Tetteh shared that sometimes family members can be harshly critical or judge personal aspects of each other’s lives, like a person’s parenting skills.
An example of setting a boundary could be to not engage with loved ones who are critical or create discomfort.
She emphasized the importance of not visiting family out of obligation. This can help limit emotional distress that might come along with those interactions.
Tetteh said it is important to “budget” mental health the same way one might budget finances.
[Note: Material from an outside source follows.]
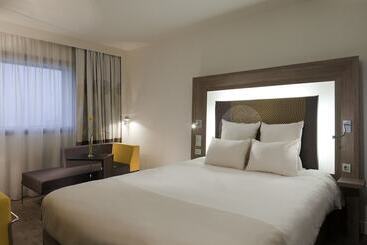 Novotel Paris La Defense Esplanade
One way this can be done is by monitoring the intake of things like social media use.
Seeing people enjoy the holidays through posts online or consuming content of people who might not enjoy the holidays can both be emotionally triggering.
Taking in emotional stressors can lead to the holiday blues and limiting time spent on social media can help limit exposure to such triggers.
Examine support system
Tetteh said that it is important to identify what one’s support system looks like going into the holidays.
Taking inventory of who to call, spend time with, or otherwise be able to connect with is a great benefit to navigating seasonal depression.
Having a therapist can also help during seasonal depression.
Tetteh noted that Black people sometimes hesitate to seek professional mental health support because of historical treatment and a fear of being judged.
And while roughly only 4% of mental health professionals are Black, there are a number of them in the Charlotte area and, like Tetteh, are open to supporting.